Publication: Black Carbon and Climate Change : Considerations for International Development Agencies
This report is intended to inform the international development community about the links between black (BC) carbon and climate change. With growing scientific clarity on the contribution of black carbon to climate change, the benefits of limiting its emissions are becoming more evident. This report reviews the existing knowledge on the subject and identifies relevant considerations for development organizations. Climate modeling shows that a large reduction in the global amounts of BC emissions, without changes in emissions of organic carbon, will lead to a sharp onetime decrease in the warming influence of human activities.
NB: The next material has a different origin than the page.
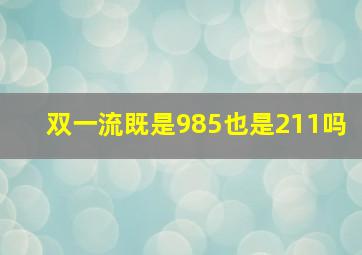 双一流既是985也是211吗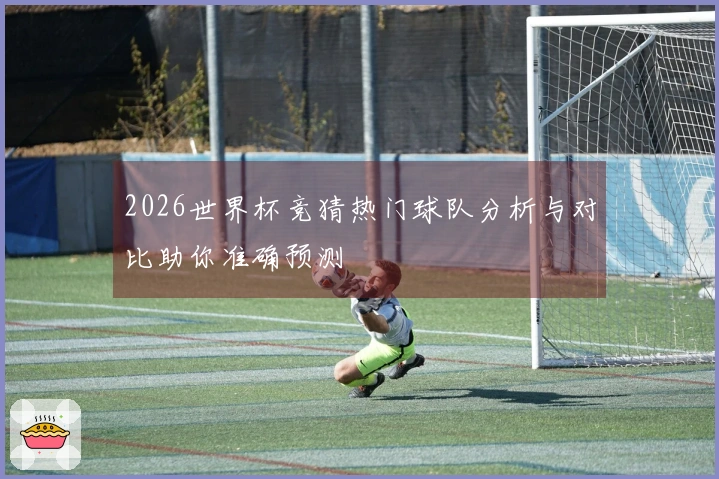2026世界杯竞猜热门球队分析与对比助你准确预测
A rapid reduction in BC emissions has thus been proposed as a way to partially offset the projected increase in temperatures in coming decades. This will not solve the long-term problem of climate change, which is caused by the greenhouse gas (GHGs), but it could extend the limited time that is available to reduce emissions of GHGs aggressively, before global temperatures reach dangerous levels. Proposals to reduce BC emissions also often address the need to reduce emissions of several other short-lived gases (such as ozone) that are mostly not covered by the Kyoto Protocol. This paper is designed to inform development agencies, in a brief, simplified, and non-technical manner, about the links between BC and climate change, and how these could relate to development policy. The paper describes: (a) what is known about the impact of BC and related aerosols on climate, (b) the sources and importance of BC emissions, (c) possible actions and policies to mitigate emissions, and (d) considerations for agencies in light of these issues.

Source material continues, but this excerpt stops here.